Meisch a ouvert l’école aux enseignants étrangers et frontaliers. Pour un système fonctionnant largement en vase clos, c’est une petite révolution culturelle. Les 265 nouveaux profs, embauchés sous le statut d’employé, se distinguent de leurs collègues fonctionnarisés, que ce soit par leur formation, leur parcours ou leur habitus. (Ils s’en distinguent également par leur salaire mensuel, inférieur d’environ 750 euros.) Avant d’atterrir au Grand-Duché, certains ont connu un parcours international, « plus aventureux », dit Zens, passant par des écoles privées dans différents pays. D’autres ont décidé de quitter les écoles publiques lorraines et wallonnes : en passant la frontière, ils gagnent facilement deux fois plus. « Notre prof de chimie est française mais a travaillé en Nouvelle-Zélande ; la prof de français est belge mais flamande », relate un élève. Un autre évoque une professeure autochtone et son enseignement « Luxembourg-style » : « She writes stuff on the board and we have to copy ».

Dans les écoles internationales, certains tabous ont été abolis : Des directions ont été introduites dans les écoles fondamentales, les enseignants les plus expérimentés placés dans les classes les plus difficiles et des « native speakers » engagés sous le statut d’employé d’État. Dans les écoles « régulières », ces bastions ont jusqu’ici tenu. Il sera intéressant de voir pour combien de temps encore. La pénurie de profs-candidats en sciences dures forcera peut-être le passage des enseignants ne pouvant justifier la « maîtrise parfaite » des trois langues officielles. À moins que le ministère ne se résigne à rayer les maths, la chimie et la physique des curricula scolaires. Alors que les enseignants étrangers et frontaliers commencent à prendre leur carte aux syndicats, ceux-ci se mettent à en défendre les intérêts concrets, et cela avec un certain succès. Difficile donc de revendiquer aujourd’hui le démantèlement d’une demi-douzaine de lycées et le licenciement de centaines d’employés d’État. L’intégration des « native speakers » pourrait ainsi paradoxalement passer par les syndicats corporatistes qui, initialement, s’étaient opposés à leur venue.

En tacticien politique, Claude Meisch a choisi d’esquiver la mutinerie qu’aurait provoquée une réforme générale de l’enseignement secondaire. La classe moyenne luxembourgeoise (dont l’enseignant constituait une sorte d’idéal-type) ne voit aucun intérêt objectif à changer un système qui a été taillé sur sa mesure. En externalisant les élèves lusophones et francophones vers les lycées internationaux ou techniques, le « classique » pourra donc survivre comme sanctuaire du trilinguisme : « Mir wëlle bléiwe wat mir sinn ».

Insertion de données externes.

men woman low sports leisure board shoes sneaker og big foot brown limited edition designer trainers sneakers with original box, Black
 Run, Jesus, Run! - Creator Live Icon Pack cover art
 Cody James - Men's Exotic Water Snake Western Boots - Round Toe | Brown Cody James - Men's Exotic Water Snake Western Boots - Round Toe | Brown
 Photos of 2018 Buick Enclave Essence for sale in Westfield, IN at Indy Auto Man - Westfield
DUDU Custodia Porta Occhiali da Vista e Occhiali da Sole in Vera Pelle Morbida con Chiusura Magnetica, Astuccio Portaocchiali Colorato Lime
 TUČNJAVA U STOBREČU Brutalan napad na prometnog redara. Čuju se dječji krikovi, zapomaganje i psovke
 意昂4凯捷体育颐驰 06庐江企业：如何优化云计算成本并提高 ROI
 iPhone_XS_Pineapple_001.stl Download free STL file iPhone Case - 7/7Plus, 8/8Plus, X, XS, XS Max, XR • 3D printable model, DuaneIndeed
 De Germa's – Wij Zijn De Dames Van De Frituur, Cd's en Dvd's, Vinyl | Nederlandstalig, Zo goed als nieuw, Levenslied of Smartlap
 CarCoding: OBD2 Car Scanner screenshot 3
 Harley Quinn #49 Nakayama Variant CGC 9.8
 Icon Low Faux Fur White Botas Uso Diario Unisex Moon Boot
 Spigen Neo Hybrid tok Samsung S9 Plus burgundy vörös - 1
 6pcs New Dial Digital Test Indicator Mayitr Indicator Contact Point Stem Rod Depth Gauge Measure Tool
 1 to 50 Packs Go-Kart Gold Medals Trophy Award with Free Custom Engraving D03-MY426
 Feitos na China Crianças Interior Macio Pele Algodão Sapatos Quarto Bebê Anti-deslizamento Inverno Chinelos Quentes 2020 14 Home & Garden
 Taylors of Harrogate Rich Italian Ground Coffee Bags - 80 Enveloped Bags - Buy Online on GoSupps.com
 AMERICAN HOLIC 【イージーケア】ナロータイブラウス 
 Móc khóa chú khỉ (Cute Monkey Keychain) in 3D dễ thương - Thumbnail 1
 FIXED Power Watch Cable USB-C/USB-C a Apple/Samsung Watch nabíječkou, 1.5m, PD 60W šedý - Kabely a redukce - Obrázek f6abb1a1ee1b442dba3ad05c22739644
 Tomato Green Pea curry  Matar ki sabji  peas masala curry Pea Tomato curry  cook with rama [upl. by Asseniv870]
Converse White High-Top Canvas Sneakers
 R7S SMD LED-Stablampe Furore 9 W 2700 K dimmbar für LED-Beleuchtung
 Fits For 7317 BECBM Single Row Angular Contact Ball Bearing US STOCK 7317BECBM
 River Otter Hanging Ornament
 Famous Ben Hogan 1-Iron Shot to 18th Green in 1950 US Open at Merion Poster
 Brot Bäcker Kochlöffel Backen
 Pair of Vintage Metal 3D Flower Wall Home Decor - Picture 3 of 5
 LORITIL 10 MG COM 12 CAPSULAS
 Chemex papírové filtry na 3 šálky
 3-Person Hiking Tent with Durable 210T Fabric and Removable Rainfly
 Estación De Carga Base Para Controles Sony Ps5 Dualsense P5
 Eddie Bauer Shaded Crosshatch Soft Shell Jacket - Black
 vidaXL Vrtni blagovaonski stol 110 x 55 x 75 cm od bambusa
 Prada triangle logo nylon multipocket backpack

Alors que les nouvelles écoles internationales ont poussé comme des champignons ces dernières cinq années, elles ont souvent été implantées dans des communes aisées : Junglinster, Clervaux, Mondorf-les-Bains, Mersch, Belair, pas exactement dans les hotspots sociaux. L’école internationale à Differdange pourrait donc n’être que l’exception qui confirme la règle. Les arguments en faveur des écoles européennes agréées restent tiraillés entre deux impératifs distincts : la promotion du Standort d’un côté, et la lutte contre les inégalités scolaires de l’autre. Alors que douze pour cent des élèves du classique sont désormais inscrits dans des sections francophones ou anglophones, le ministère navigue toujours à vue. Il faudra attendre le printemps 2023 pour avoir une première analyse scientifique du nouveau complexe scolaire. Le Luxembourg Center for Educational Training (Lucet) publiera alors une grande étude sur les élèves des lycées publics internationaux, leurs backgrounds socio-économiques, leurs trajectoires scolaires et leurs compétences en maths. À quelques mois des législatives, le rapport sera forcément lu comme un bilan (une « Zensur ») du ministre Meisch.